A tese desenvolvimentista, a meu ver, está equivocada por inteiro. No Brasil de hoje, não faz sentido ter que endividar mais o governo para lançar um programa de investimentos públicos. A tese do multiplicador negativo é meio certa. Não tem erro lógico em sua formulação mas seu impacto efetivo não pode ser previsto a priori. Quanto maior a incerteza jurídica na execução de contratos, por exemplo, menos relevante se torna a tese do multiplicador negativo. Sua limitação maior, no entanto, está em enfocar somente um dos aspectos do problema do crescimento.
Crescimento depende de mais investimentos mas também de uma economia mais produtiva. Produtividade significa gerar mais produto com o mesmo volume de investimentos. Para que o Brasil cresça ao seu máximo potencial, é crucial ter ganhos de produtividade.
Nossa economia tem apresentado ganhos de produtividade muito decepcionantes. Uma coisa é o necessário equilíbrio nas contas públicas. Outra coisa é tornar a economia mais produtiva. A agenda da produtividade vai além da agenda fiscal.
Quais as reformas necessárias para ganhar produtividade? Precisamos de avanços no mercado de capitais, de uma lei geral de garantias, de um bom marco regulatório para o saneamento e para investimentos em infra-estrutura em geral e de mais certeza jurídica na execução de contratos. Há muito o que fazer do ponto de vista jurídico e normativo para criar um ambiente de negócios favorável ao investimento. Além disso, a agenda de produtividade se desdobra em mais cinco vertentes: (a) Abertura comercial e de serviços préanunciada e profunda, ainda que unilateral; (b) Reforma administrativa radical para aumentar a produtividade do setor público; (c) Um programa de privatizações de envergadura atingindo as grandes estatais para evitar que parte substantiva do aparato produtivo seja regido por regras outras que não a busca da eficiência econômica; (d) Uma reforma tributária que, além do IVA, elimine regimes de tributação favorecida; (e) Uma educação pública de qualidade.
Apesar do prometido na campanha e tantas vezes alardeado ao longo do ano passado, quase nada aconteceu no campo da agenda da produtividade. A Reforma da Previdência só foi aprovada graças ao empenho do Presidente da Câmara e o governo entrou em letargia desde então.
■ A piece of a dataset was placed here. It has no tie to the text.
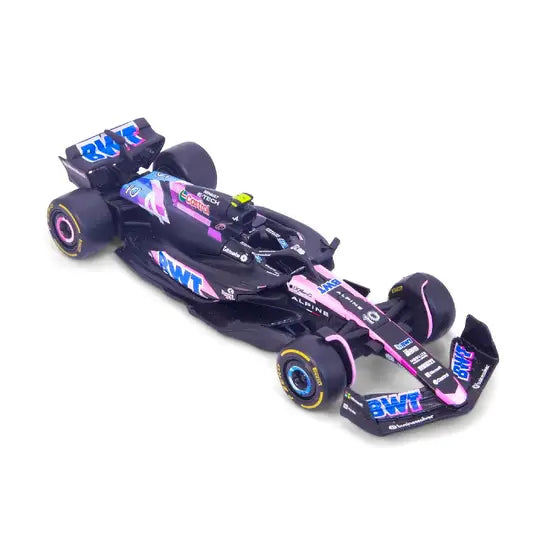 Bburago 1:43 BWT Alpine A524 Pierre Gasly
Seus projetos de Reforma Administrativa e de Reforma Tributária, se é que existem, nunca foram enviados ao Congresso. A abertura se limitou a completar o acordo do Mercosul com a União Européia – um acordo que já nasceu velho posto que negociado por mais de 20 anos e que dificilmente será ratificado após os ataques do Bolsonaro ao Macron e da política ambiental de seu governo que horroriza o mundo civilizado. A privatização não passa de uma reestruturação financeira das grandes estatais. O produto da venda de subsidiárias de estatais fica com a estatal, não vai para o Tesouro. O efeito disfuncional da presença de estatais continua. A educação pública está sendo gerida pelo pior Ministro da nossa história.
O Brasil terá mais crescimento quando aumentar o investimento privado e a produtividade dos setores públicos e privados. Essa é a resposta correta ao nosso desafio. Espero que seja implementada no próximo governo, a partir de 2023.